I stand on the side of a huge pool, one that flows so slowly that if it wasn’t for the cloud of sediment stirred by wading boots slowly drifting downstream in tumbling billows of brown that I might think it was a still pond. It’s amazing that less than a mile from here, downstream, this same water is in a few places no more than a ten foot wide shoot of white water that empties into pocket waters no more than thirty feet wide at most.
The head of the pool is in sight up to my left and I make my way there. The stream is once again no more than twenty-five to thirty feet wide just above it. As it pours into the head of the pool, pushing around a boulder whose back breaks the surface and stirs up foam, the eddy where the fast moving water grazes the slack water to its right looks like a text book position for fish to wait in the chow hall line. I picture them lined up just off the bottom, forks and knives clenched in fins, napkins tied around their necks like an old cartoon, singing some silly song and kicking their tails fins like the Rockettes. The spot looks too good to be true. I remove the tiny streamer from the hook keeper on my 3wt.

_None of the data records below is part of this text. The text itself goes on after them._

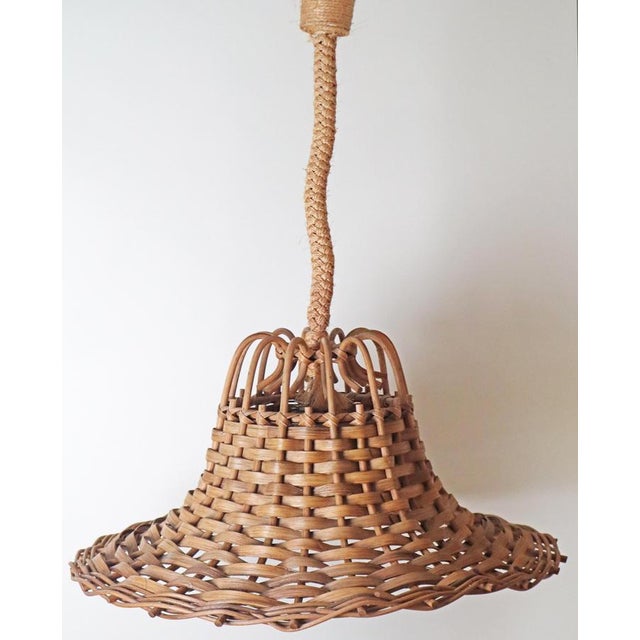 Wood Vintage Hand-Woven Rattan and Bamboo Pendant Lamp, 1970s For Sale - Image 7 of 12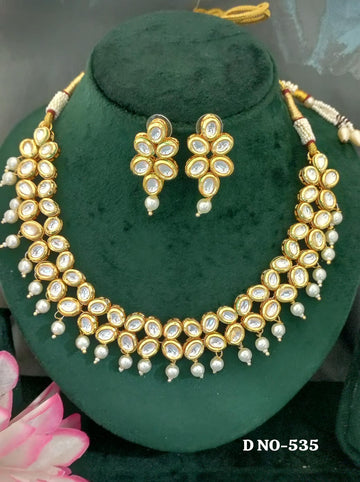 Golden Kundan Necklace Set sku 535 D-4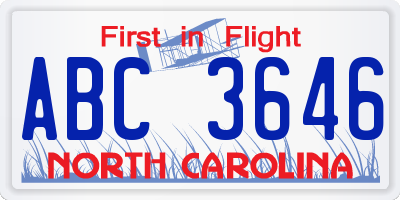 NC license plate ABC3646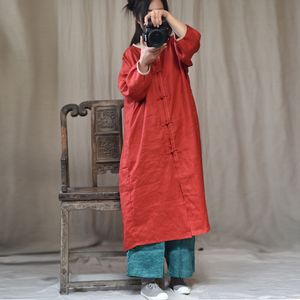 ジョニー教徒の女性ヴィンテージリネントレンチソリッドカラーコートボタンOネック長袖フォール緩い女性服中国のトレンチ210521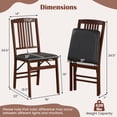 thumbnail image 3 of Gymax Folding Dining Chairs Set of 2 w/Padded Seat Rubber Wood Frame for Dining Room, 3 of 10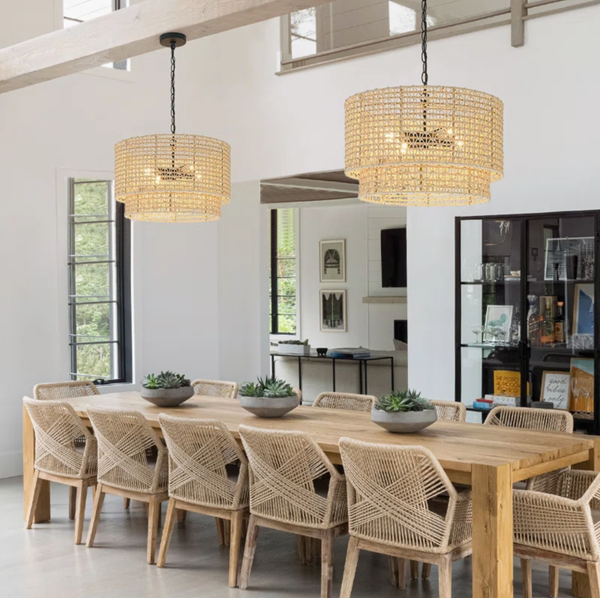  2-Tier Drum Rattan & Bamboo Pendant Chandelier - CL_NCV074 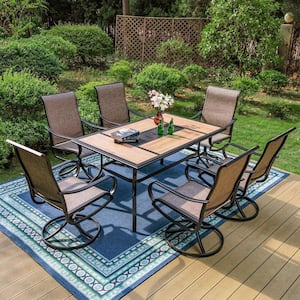 Black 7-Piece Metal Rectangle Patio Outdoor Dining Set with Geometric Table and Textilene Swivel Chairs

I make my first cast to the swirling water on the back side of the boulder, my plan to let it drift from there to the eddy and the waiting trout. The streamer slaps down like a raw steak dropped on the kitchen floor and barely has it had time to even right itself or begin it’s drift when a small explosion of two tone black and pink takes it from below and the line goes tight. The 3wt shakes as the Brook trout that has most likely never seen a hook or much less a human makes a rookie mistake and doesn’t take the time to inspect its meal. The Brookie is absolutely gorgeous, perfection in nine inches of wild Adirondack native. Its spots placed just so like an amazing painting at a museum, the halos of blue match the sky, the pink belly like a neon sign plugged into an electrical socket. A gorgeous rookie.
For the next hour I catch a fish every two to three casts. I even take the time to choose a dry fly from my box, something totally uncharacteristic of me when the trout begin to jump, not rise, but jump at emerging insects no more than ten feet away from me. Fish that have never seen a fly or lure, the rookies, are harder to get to. It takes effort to find them. If you like the convenience of fishing two feet from your car this is not the place for you. But if you’re a rookie like me, I’ve found the best way to up my catch numbers is to go out in search of the fish that have little to no experience with fisherman. The rookies.